# Battlefield 3 Limited Edition für 44€ bei Amazon



## Freestyler808 (31. August 2011)

*Battlefield 3 Limited Edition für 44€ bei Amazon*

_Battlefield 3 Limited Edition für 44€ bei Amazon
_​ 
Abend,

war heute in nem Saturn, da konnte man für 44€ BF3 LE vorbestellen
nun zieht Amazon sofort nach

Battlefield 3 - Limited Edition: Pc: Amazon.de: Games

44€ ist meiner Meinung nach ein TOP Preis

es fallen aber trotzdem noch 5€ für die FSK18 Gebühren an


----------



## mkay87 (31. August 2011)

*AW: Battlefield 3 Limited Edition für 44€ bei Amazon*

+5€ Versand wegen USK18. Macht dann 49€ was nicht mehr wirklich günstig ist.


----------



## Dr Bakterius (31. August 2011)

*AW: Battlefield 3 Limited Edition für 44€ bei Amazon*

So ist das wirklich kein Schnäppchen mehr. Wenn ich es unbedingt haben muss warte ich bis es erscheint, dann gibt es auch in den Märkten wahrscheinlich wieder kurzfristig günstige Angebote


----------



## Sight (31. August 2011)

*AW: Battlefield 3 Limited Edition für 44€ bei Amazon*

Bei Amazon.uk für 37€ mit Versand


----------



## >ExX< (31. August 2011)

*AW: Battlefield 3 Limited Edition für 44€ bei Amazon*

@Sight: nur doof wenn man keine Kreditkarte hat 

habs mir jetzt vorbestellt


----------



## Hitten (1. September 2011)

*AW: Battlefield 3 Limited Edition für 44€ bei Amazon*

Es ist immerhin 10€ günstiger als bei EA.
Ich denke ich werde aber auch warten, bis das Spiel draußen ist und dann 2-3 Tage danach zuschlagen.


----------



## Jami (1. September 2011)

*AW: Battlefield 3 Limited Edition für 44€ bei Amazon*

Das hier ist die User-News-Abteilung, nicht die User-Werben-Abteilung. Was ist nur draus geworden?


----------



## Dr Bakterius (1. September 2011)

*AW: Battlefield 3 Limited Edition für 44€ bei Amazon*



Jami schrieb:


> Das hier ist die User-News-Abteilung, nicht die User-Werben-Abteilung.
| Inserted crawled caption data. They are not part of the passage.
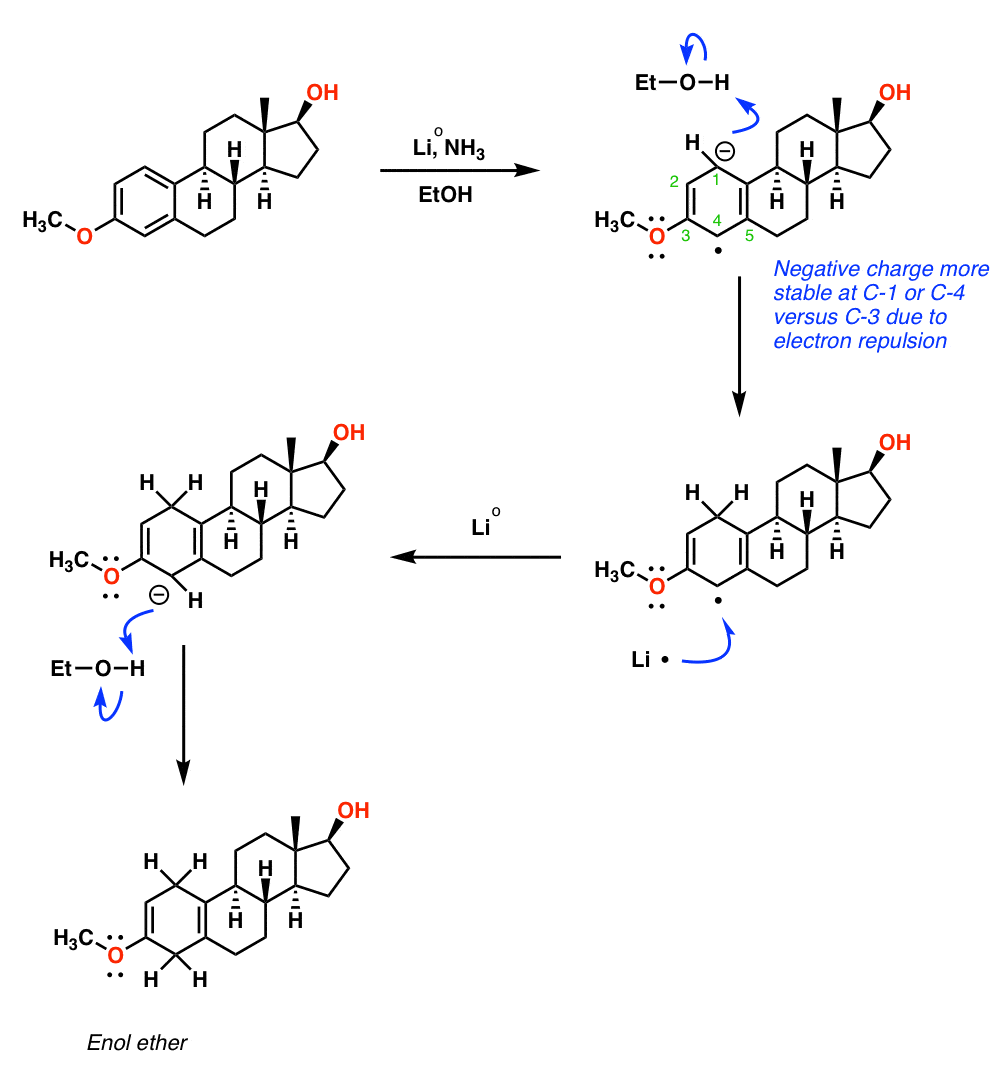 birch-reduction-on-methyl-ether-of-estradiol.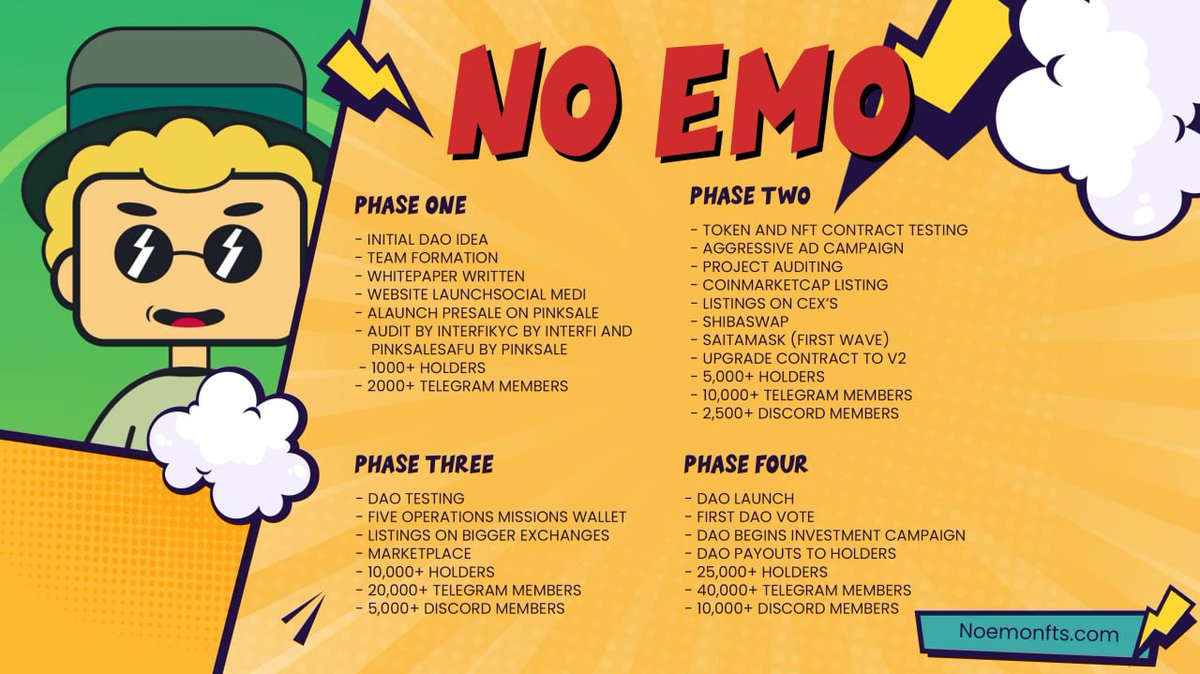 NoEmoNFTs's tweet photo. While we wait for the audit to be live, check the roadmap 👆

Don't Forget to  Join NOEMO now:
https://t.co/p6gJrU8JWJ https://t.co/U8jtOl7abf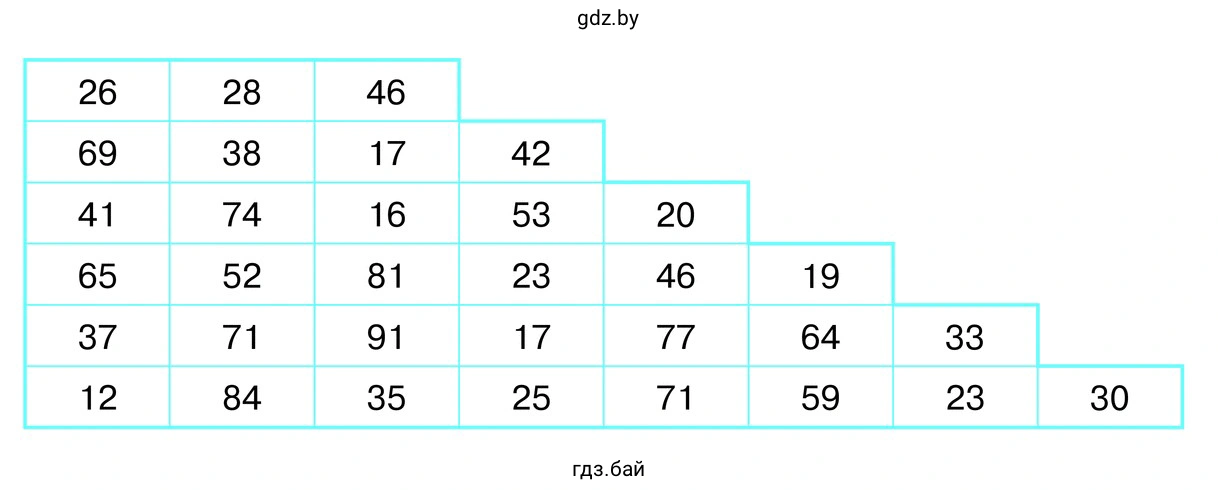 3.83. Развивай память. Развить слуховую и зрительную память поможет пирамида из двузначных чисел. Числа в пирамиде могут быть другие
Was ist nur draus geworden?


 
Wenn es nicht paßt wird die Motorrad - Gang ähh das Moderatorenteam den Riegel schon vorschieben


----------



## Naitrum (1. September 2011)

*AW: Battlefield 3 Limited Edition für 44€ bei Amazon*

Steht doch aber schon längst auf der Main. Schnäppchen: **Battlefield 3 nur 44,00 USK 18** Lieferbar: Fast & Furious 5 Blu-ray - World in Conflict Complete nur 4,99 - Firefly Serie Blu-ray nur 19,97 - Dead Island mit DLC nur 37,50 [Anzeige] - schnäppchen, amazon


----------



## Pal_Calimero (1. September 2011)

*AW: Battlefield 3 Limited Edition für 44€ bei Amazon*

Da muss ich mal bei Saturn vorbeischauen, wobei mir das Vorbestellen bei Amazon schon bequemer ist, da kann man jederzeit stornieren. Ich hab aber bisher nie etwas vorbestellt... muss man auch "vorzahlen" oder kann ich das bequem eine Woche vor release machen?( vllt. findet man ja doch noch irgendwo bessere angebote ) und die 5 Euro Prüfung fallen demt. nur einmal aus, wenn man sich zwei Spiele bestellt, oder ( liegt für mich logischer)


----------



## Veriquitas (1. September 2011)

*AW: Battlefield 3 Limited Edition für 44€ bei Amazon*



mkay87 schrieb:


> +5€ Versand wegen USK18. Macht dann 49€ was nicht mehr wirklich günstig ist.


 
Wie sich manche Leute anstellen nichtmahlks mehr 50 Euro für ein Spiel ausgeben zu wollen das grenzt schon an Lächerlichkeit.


----------



## DeRtoZz (1. September 2011)

*AW: Battlefield 3 Limited Edition für 44€ bei Amazon*

Kein berauschender Angebot, hatte mir bei GameStop das Clan Paket bestellt, x3 je 45€ mit dem DLC und in Steel Box.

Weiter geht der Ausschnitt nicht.